Adaptify: A Refined Adaptation Scheme for Frame Classification in Atrophic Gastritis Videos
Zinan Xiong, Shuijiao Chen, Yizhe Zhang, Yu Cao, Benyuan Liu and, Xiaowei Liu

TL;DR
Adaptify is a novel adaptation scheme that improves the stability and consistency of frame classification in atrophic gastritis videos by integrating an auxiliary model's knowledge into the primary model.
Contribution
The paper introduces Adaptify, a new method where a primary model learns from an auxiliary model's decisions to enhance classification reliability in real-world scenarios.
Findings
Significant improvement in output stability and consistency.
Effective knowledge integration from auxiliary to primary model.

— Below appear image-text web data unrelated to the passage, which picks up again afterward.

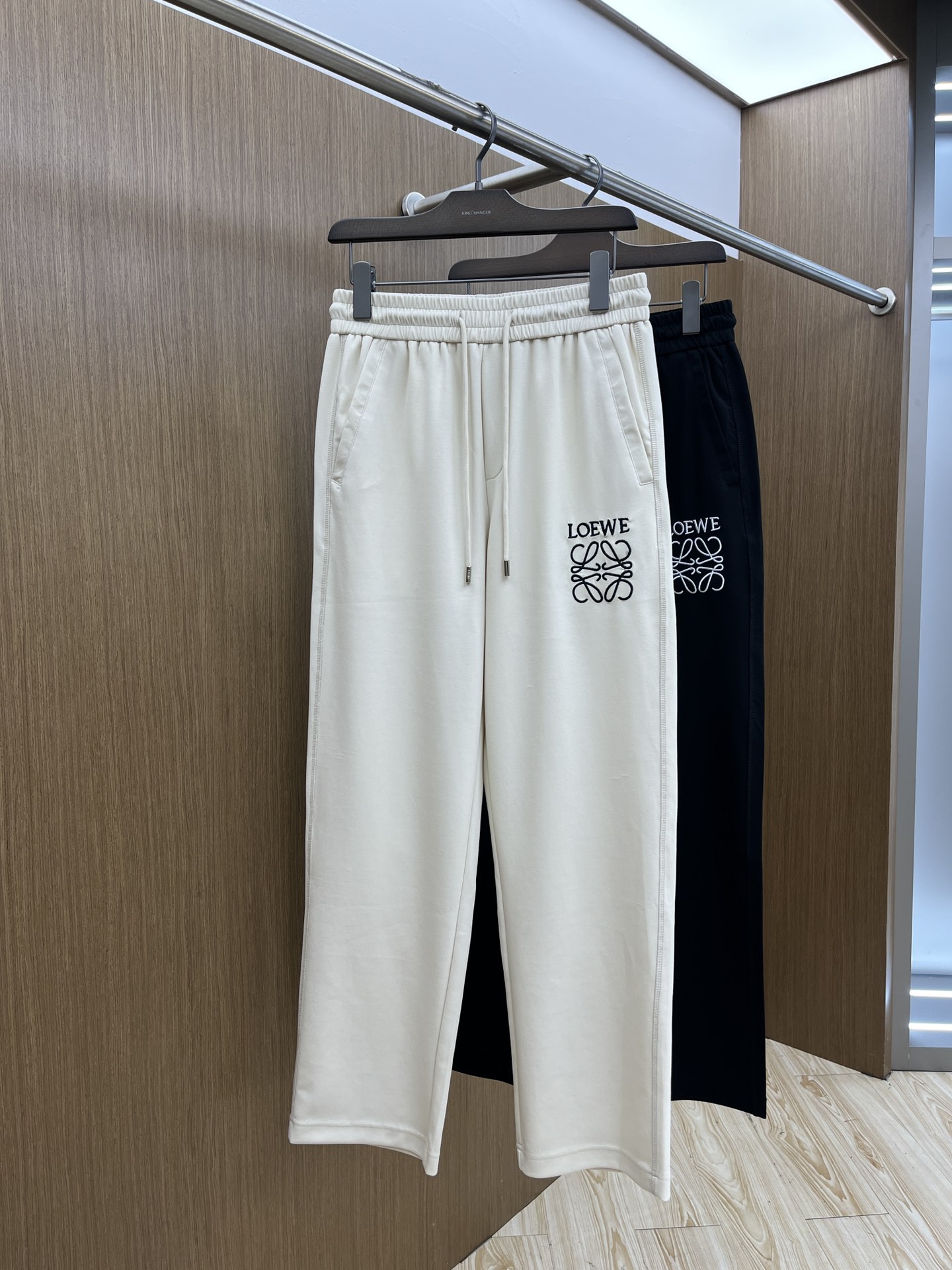 NO:417943,High-end products Loe spring and summer new casual pants!  The official website is released simultaneously. The brand's classic LOGO casual pants, customized fabric, excellent comfort and strong hand touch. Very high recognition, fdh perfect quality craftsmanship, color black white Size M-XXXL,,loewe,alexander wang19860909高端货品 Loe 春夏新款休闲裤！官网同步发售.品牌经典LOGO休闲裤 ,定制面料,舒适度极好,手触感强烈.辨识度极高,fdh完美品相工艺 颜色黑色 白色 尺码M-XXXL,,loewe,alexander wang,Men's clothing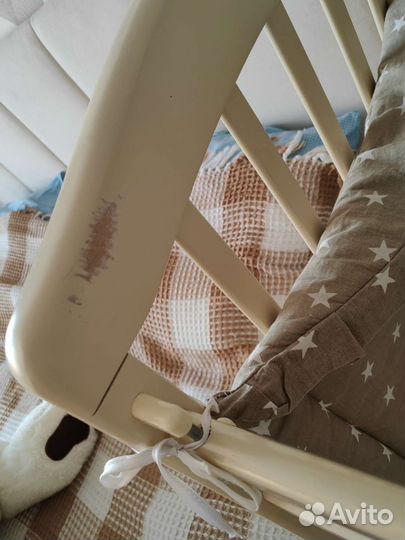 Детская кроватка с маятниками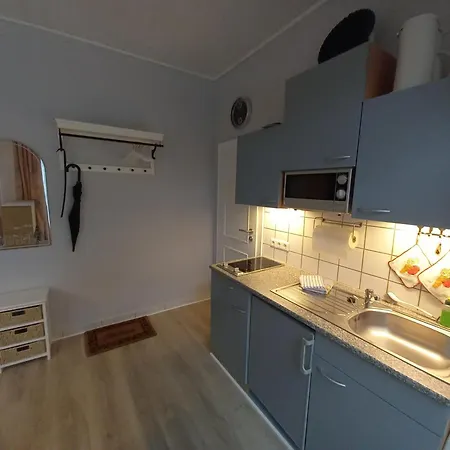 Separates Gaestehaeuschen Paulchen In Ruhiger Lage Am Dresdner Elbhang *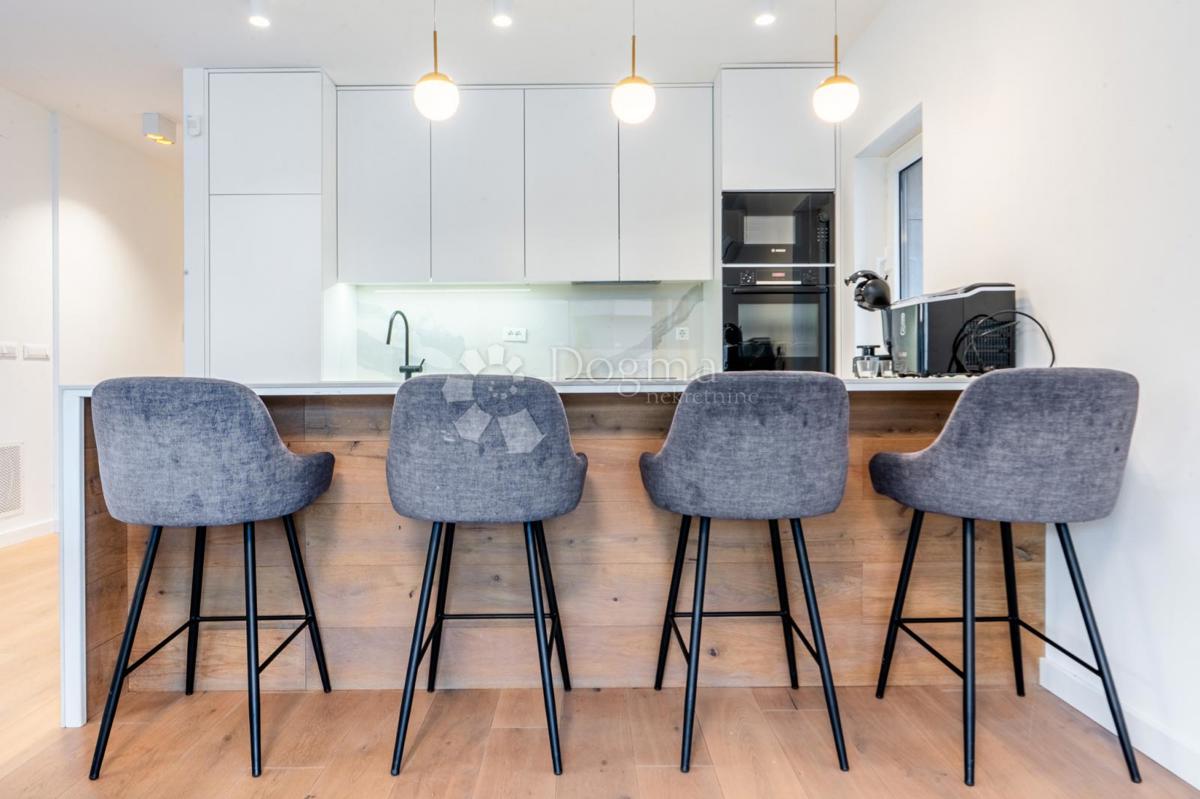 Stanovanje Kostrena, 110,08m2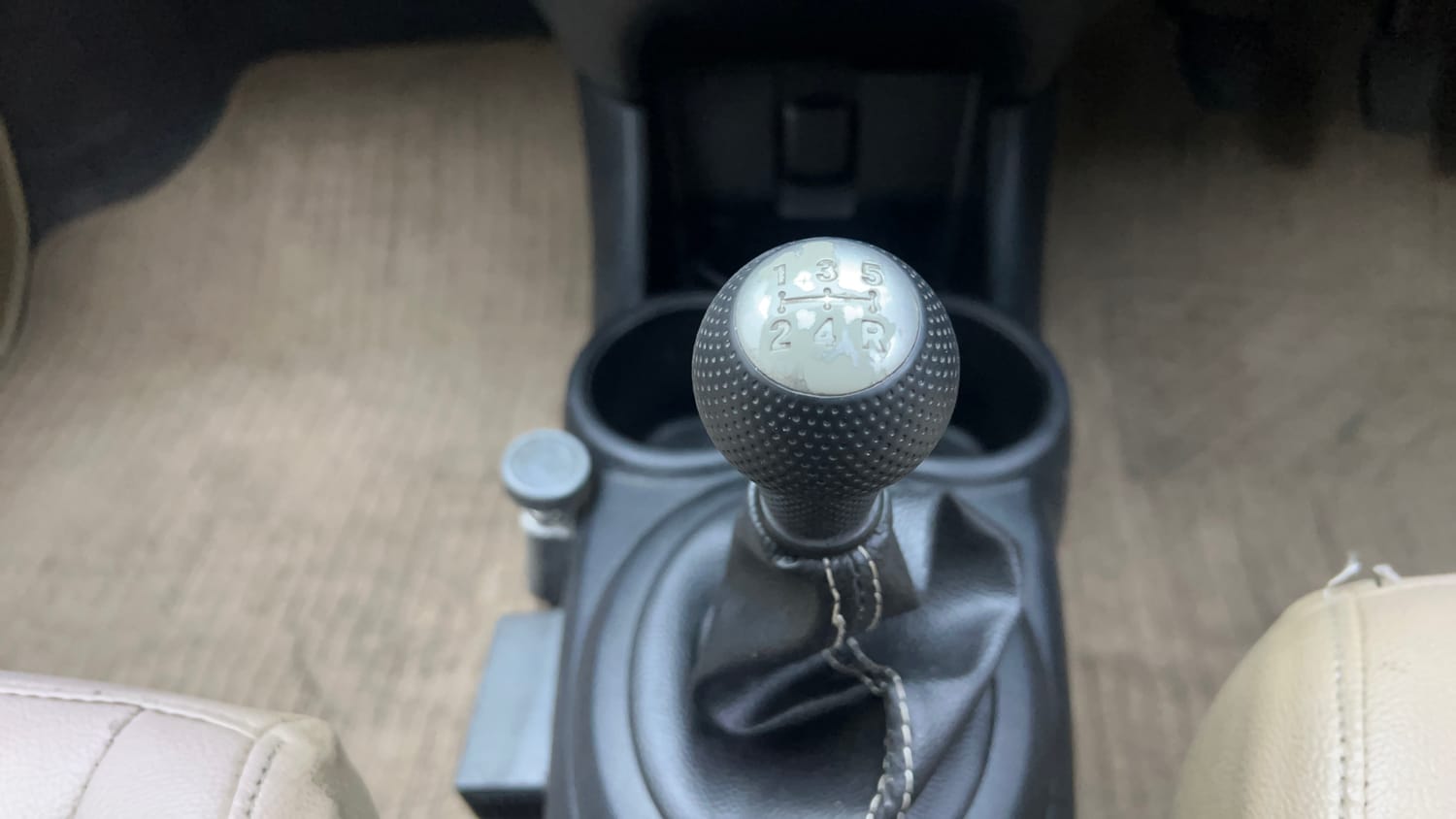 Used 2013 Honda Amaze 1.2 S i-VTEC Petrol Manual interior GEAR  KNOB VIEW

Enhanced reliability of gastritis video classification.
Abstract
Atrophic gastritis is a significant risk factor for developing gastric cancer. The incorporation of machine learning algorithms can efficiently elevate the possibility of accurately detecting atrophic gastritis. Nevertheless, when the trained model is applied in real-life circumstances, its output is often not consistently reliable. In this paper, we propose Adaptify, an adaptation scheme in which the model assimilates knowledge from its own classification decisions. Our proposed approach includes keeping the primary model constant, while simultaneously running and updating the auxiliary model. By integrating the knowledge gleaned by the auxiliary model into the primary model and merging their outputs, we have observed a notable improvement in output stability and consistency compared to relying solely on either the main model or the auxiliary model.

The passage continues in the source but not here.